'''
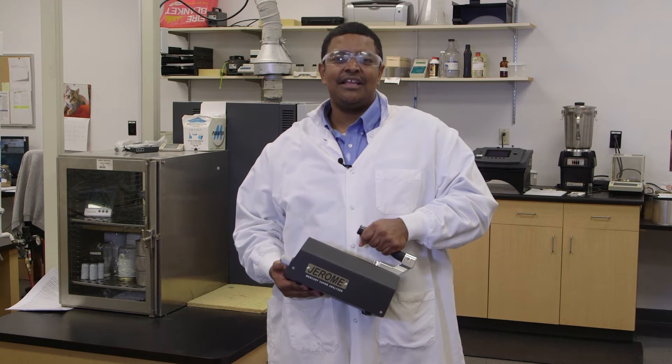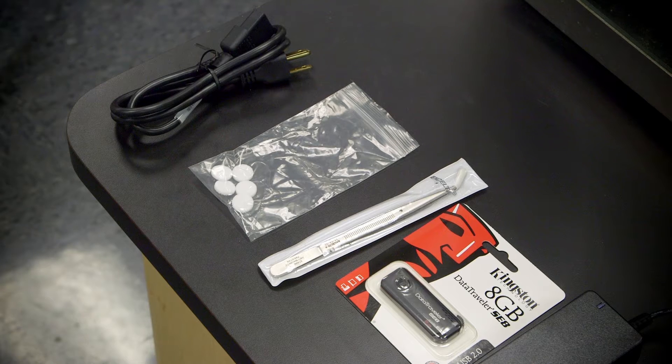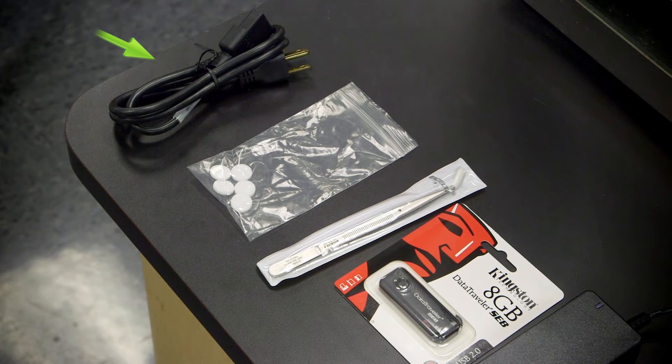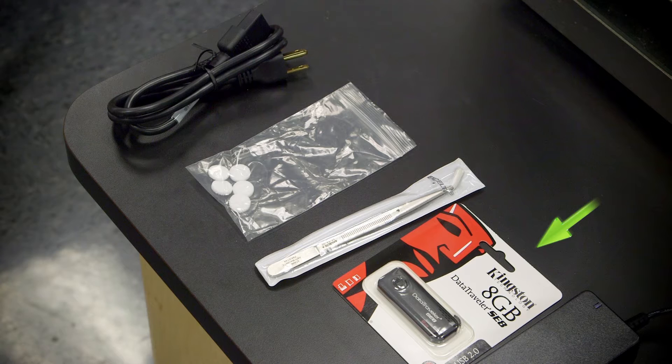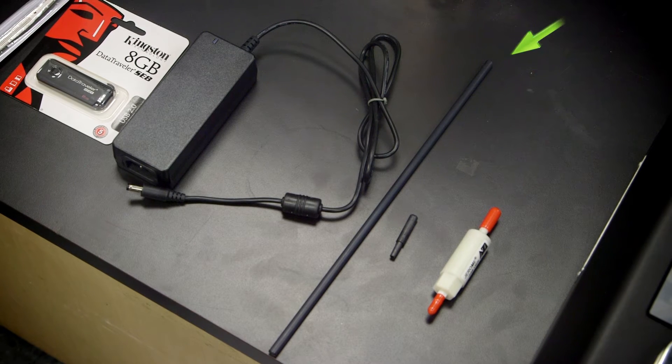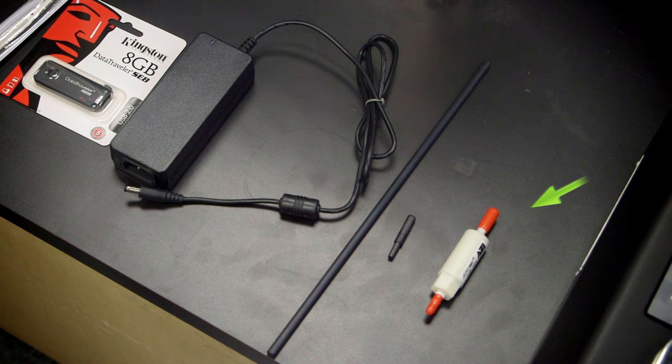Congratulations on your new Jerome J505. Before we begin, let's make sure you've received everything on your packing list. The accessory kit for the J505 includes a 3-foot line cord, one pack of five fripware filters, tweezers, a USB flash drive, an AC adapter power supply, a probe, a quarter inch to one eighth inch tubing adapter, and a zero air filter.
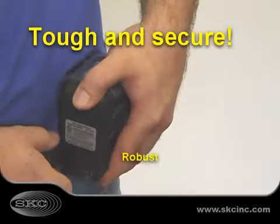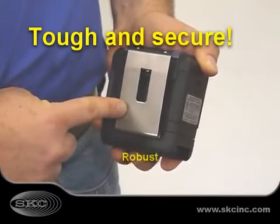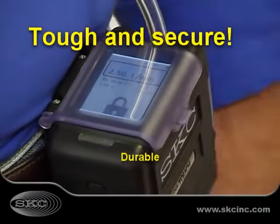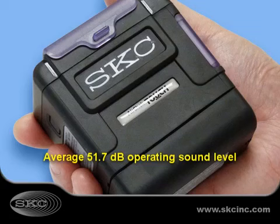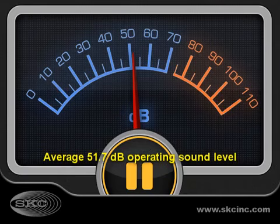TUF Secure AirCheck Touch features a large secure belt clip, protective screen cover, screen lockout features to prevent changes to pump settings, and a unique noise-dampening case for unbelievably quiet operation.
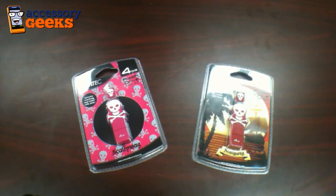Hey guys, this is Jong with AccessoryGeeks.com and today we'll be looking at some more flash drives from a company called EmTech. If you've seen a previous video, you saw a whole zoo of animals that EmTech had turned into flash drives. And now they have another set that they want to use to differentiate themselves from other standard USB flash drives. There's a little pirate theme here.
'''
'''
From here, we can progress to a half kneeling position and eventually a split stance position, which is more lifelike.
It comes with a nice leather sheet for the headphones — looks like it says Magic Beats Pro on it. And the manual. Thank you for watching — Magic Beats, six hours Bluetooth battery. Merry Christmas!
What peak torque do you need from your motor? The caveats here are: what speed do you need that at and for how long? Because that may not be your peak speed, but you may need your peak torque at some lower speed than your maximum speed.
'''
Required action: Look back over the records above. Reproduce exactly everything from the line with "Congratulations on your" down to the line with "TUF Secure AirCheck", inclusive, and leave the pictures out.

Task solution:
Congratulations on your new Jerome J505. Before we begin, let's make sure you've received everything on your packing list. The accessory kit for the J505 includes a 3-foot line cord, one pack of five fripware filters, tweezers, a USB flash drive, an AC adapter power supply, a probe, a quarter inch to one eighth inch tubing adapter, and a zero air filter.
TUF Secure AirCheck Touch features a large secure belt clip, protective screen cover, screen lockout features to prevent changes to pump settings, and a unique noise-dampening case for unbelievably quiet operation.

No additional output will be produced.